Hi all, just have a question about the state of my new power tubes. I recently replaced the tubes in my super and am just wondering if they look okay to your eyes. I own a bias probe and I biased the amp, so it is set at the correct setting and the amp sounds great and is'nt making any odd noises. They seem to look like they are glowing orange to me, I don't see the normal red I find in pictures of red hot tubes. It doesn't seem to be running too hot so I think it is running properly. I am just curious as to what you think as I have never seen a tube red plate with my own eyes. Sorry about the picures, but it is the best I could do and the do seem to represent the colour of the center plate (if that is what it is called LOL). 
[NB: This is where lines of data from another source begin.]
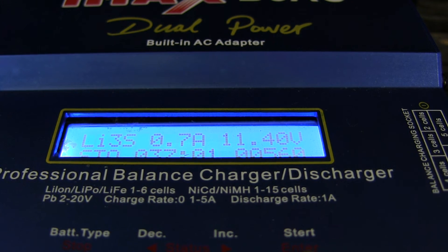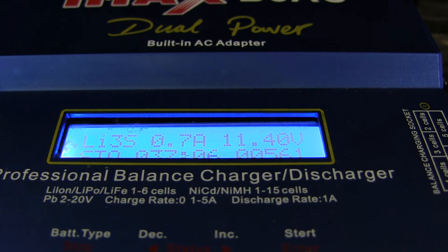Storage mode helps prevent that and protect your battery. I'd recommend using storage mode — and I've been guilty of not doing it and ruining packs before — if you don't plan on flying with that pack for probably two to three days. Within that range you're okay.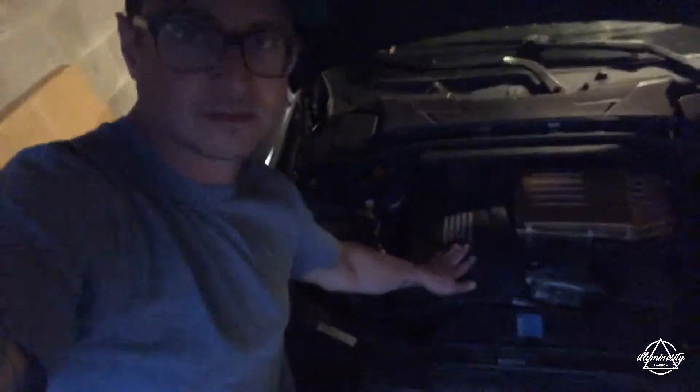I've got to remove this cover right here, and then when I get this off I have immediate access to the spark plugs and coils. So I'll be replacing those.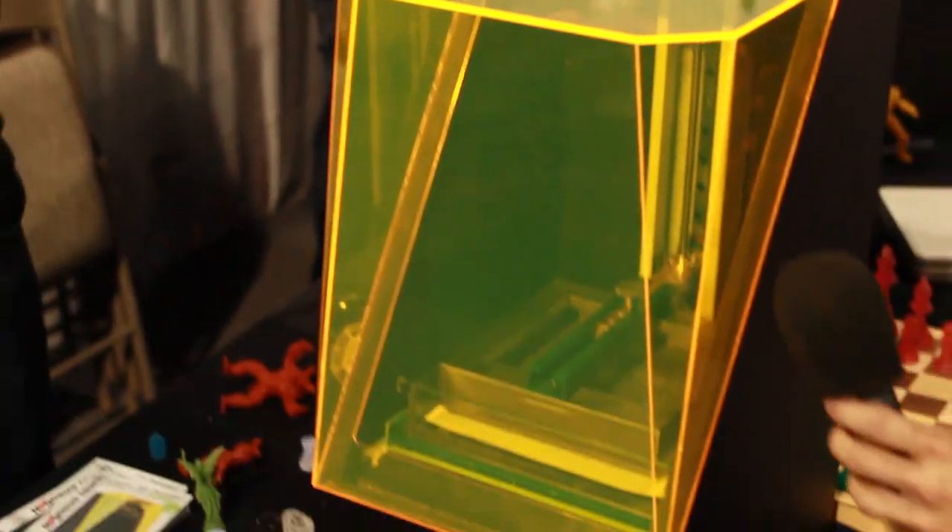Hey Makers, I'm Andrew Bajeri with FSL3D. This is the Pegasus Touch Laser Printer. It's a laser 3D printer — a really unique printer. It uses a liquid resin that hardens with a laser.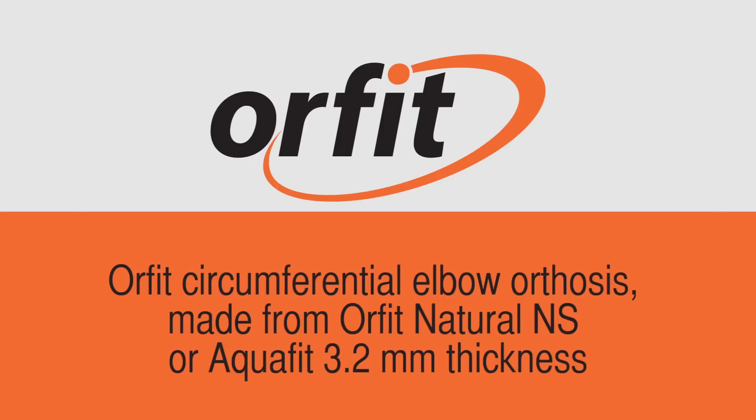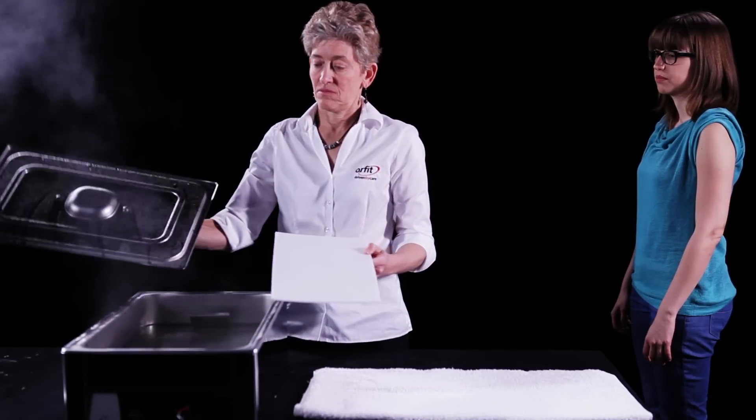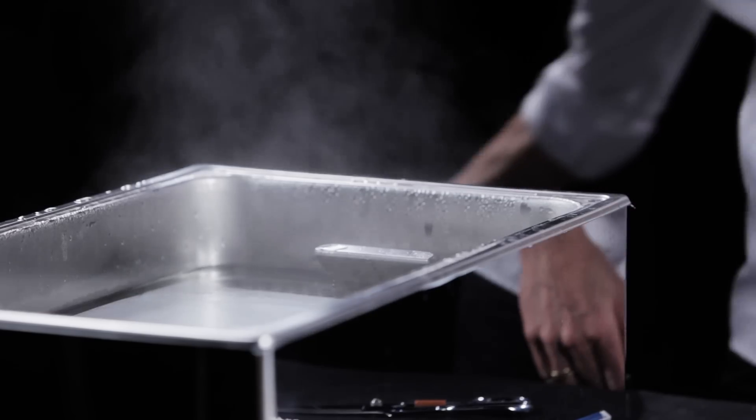This is a demonstration of a circumferential elbow orthosis made from Orfit Natural NS or Aquafit in 3.2 mm thickness. No pattern is needed. Use one quarter of a sheet of thermoplastic material, 9 by 12 inches or 22 by 30 cm.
http://i718.photobucket.com/albums/ww184/JimiGuy7/DSCF0171_zps3f7efda1.jpg

http://i718.photobucket.com/albums/ww184/JimiGuy7/DSCF0174_zps6613228f.jpg

http://i718.photobucket.com/albums/ww184/JimiGuy7/DSCF0170_zps71e9719f.jpg


----------



## WCGill (Mar 27, 2009)

I don't see any red-plating. If the grey metal of the plate, which is the dominant visible structure inside the glass, starts to glow cherry red, then you have a problem. Do a google search and look at the images that come up, worth a thousand or so words.


----------



## zdogma (Mar 21, 2006)

Here's a pic:

http://s948.photobucket.com/user/aluevano2299/media/2011-04-15_12-25-14_753.jpg.html

I've had it happen a couple of times and it usually pretty dramatic.


----------



## JimiGuy7 (Jan 10, 2008)

Sweet, I thought so. I changed the bias balance to a bias adjust, and just wanted to be sure everything looks okay. I went out last night though, and noticed a small amount of hum that sounds a bit like 60 cycle, even though I am using HB's. I am wondering where that could possibly be coming from. Anyone have any ideas?


----------



## guitarman2 (Aug 25, 2006)

Definitely not redplating. I'm having an issue with my amp right now where one tube is redplating. I think I have a blown Plate stopper resistor that happenned when the tube in that socket shorted.


----------



## jb welder (Sep 14, 2010)

JimiGuy7 said:


> Sweet, I thought so. I changed the bias balance to a bias adjust, and just wanted to be sure everything looks okay. I went out last night though, and noticed a small amount of hum that sounds a bit like 60 cycle


 Is this a silverface that had the bias balance which is used to null out the hum? If so, that may be where the hum is coming from. Ideally, you want bias adjust _and_ balance. You can buy matched tubes, but the circuit is not necessarily matched.
Try swapping the output tubes around and see if it has any effect on the hum.


----------



## dtsaudio (Apr 15, 2009)

> Plate stopper resistor


That's a Grid Stopper.



> sounds a bit like 60 cycle


Was the hum there before you changed output tubes? Also did you change the bias trimmer at the same time as replacing the output tubes?

- - - Updated - - -

jb beat me to it. It's possible that the output tubes are not balanced. When that happens any hum present does not cancel completely in the output transfomer and you get an audible hum.


----------